Les autorités espagnoles ont déjà confirmé les informations de Western Sahara Resource Watch, soit que la cargaison d’huile de poisson du Key Bay provient du Sahara Occidental. Cependant, le Sahara Occidental est pas sur la liste des pays tiers d’où les produits de la pêche peuvent être importés et il n’y a pas de liste des établissements agréés pour le Sahara Occidental.
L’huile de poisson à bord du Key Bay provient très probablement de l’entreprise KB Fish, qui est au Sahara occidental, mais figure sur la liste des établissements agréés pour le Maroc.
En décembre dernier, la Grande Chambre de la Cour européenne de justice, dans l’affaire 104/16 (Conseil v POLISARIO), a décidé que les accords d’association et de libéralisation de l’UE avec le Maroc ne sont pas applicables au Sahara Occidental.
Tout d’abord, la Cour a jugé que, « Compte tenu du statut séparé et distinct reconnu au territoire du Sahara occidental, en vertu du principe d’autodétermination, par rapport à celui de tout État, en ce compris le Royaume du Maroc », donc que le Sahara Occidental ne fait pas partie du territoire souverain du Maroc. (§ 92)
En second lieu, la Cour a estimé que le peuple du Sahara occidental doit être regardé comme étant un « tiers » aux relations UE-Maroc.
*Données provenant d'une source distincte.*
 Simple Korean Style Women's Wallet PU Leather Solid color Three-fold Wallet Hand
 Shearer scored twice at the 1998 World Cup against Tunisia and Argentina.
Par conséquent, le peuple sahraoui doit donner son consentement pour que les accords UE-Maroc soient applicables au territoire du Sahara Occidental et de ses ressources naturelles, « sans qu’il soit nécessaire de déterminer si une telle mise en œuvre serait de nature à lui [le peuple du Sahara occidental] nuire ou au contraire à lui profiter. (§106). «
Les conclusions de la Cour européenne de justice sont limpides : accord commercial UE-Maroc ne peut pas couvrir le territoire du Sahara Occidental sans le consentement préalable du peuple sahraoui.
Suite à la décision de la Cour, le Maroc n’a pas autorité, selon la législation de l’UE, à enregistrer ou approuver, en sa qualité de souverain, les établissements marocains situés au Sahara Occidental, sans le consentement préalable du peuple sahraoui.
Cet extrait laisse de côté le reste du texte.